Sfioritura ed essiccatura dello zafferano
La lavorazione dello zafferano dell’Aquila a questo punto prende una strada tutta sua. I fiori, rigorosamente in giornata, vengono sfiorati (o “capati” come si dice spesso in modo colloquiale, usando un’espressione che si usa anche per ortaggi e legumi), ovvero aperti e privati degli stimmi, i filamenti rossi interni in cui siamo abituati a riconoscere lo zafferano. Di solito sono 3, ma può capitare anche di trovarne 2 o addirittura 6. L’operazione avviene chiaramente a mano, il resto del fiore rimane edibile e non va buttato. È perfetto in insalata. A questo punto gli stimmi vanno essiccati: si mettono su un setaccio (simile a quello della farina) e passati sopra le braci di mandorle e querciolo, dove rimangono per circa 20 minuti. Qui gli stimmi si seccano e si arricciano: è lo zafferano di qualità (non in polvere) che siamo abituati a vedere in barattolo di vetro.

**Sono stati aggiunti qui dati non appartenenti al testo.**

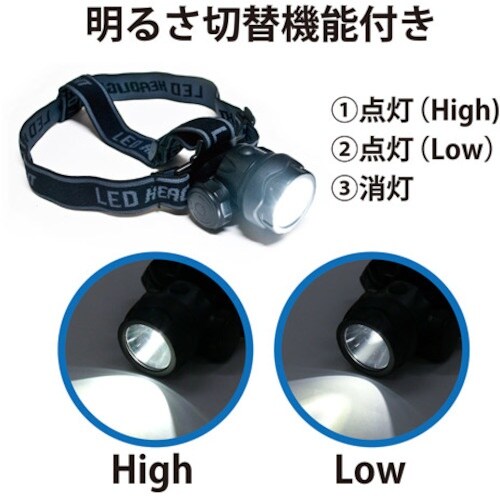 KONTEC アクアヘッドライト プロ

Lo zafferano come attrattore turistico
Una considerazione a latere va fatta in merito al valore che lo zafferano può avere come attrattore turistico del territorio, considerato l’alto prezzo sul mercato e la familiarità con la grande gastronomia italiana. In questa zona in particolare, il prodotto può aiutare zone spopolate e aree interne (il comune di San Pio delle Camere conta, registrate, poco più di 600 anime) a rientrare in circuito di un turismo non aggressivo. Del resto qui è stato così per molto tempo: lo zafferano veniva e viene chiamato “oro rosso” perché il suo prezzo veniva stabilito di pari passo con le aste dell’oro. Grazie allo zafferano, è stata costruita una buona parte dell’Aquila, “qui si producevano diverse tonnellate di zafferano” spiegano a San Pio delle Camere “ora la raccolta in totale non supera i 20 kili all’anno”, una produzione diminuita anche per la difficoltà di produzione e di resa. Resta comunque l’alto valore gustativo di una materia prima trasversale: dai risotti, al pane, ai brodi, il gelato, i dolci. Da usare in ambito domestico o su una tavola importante.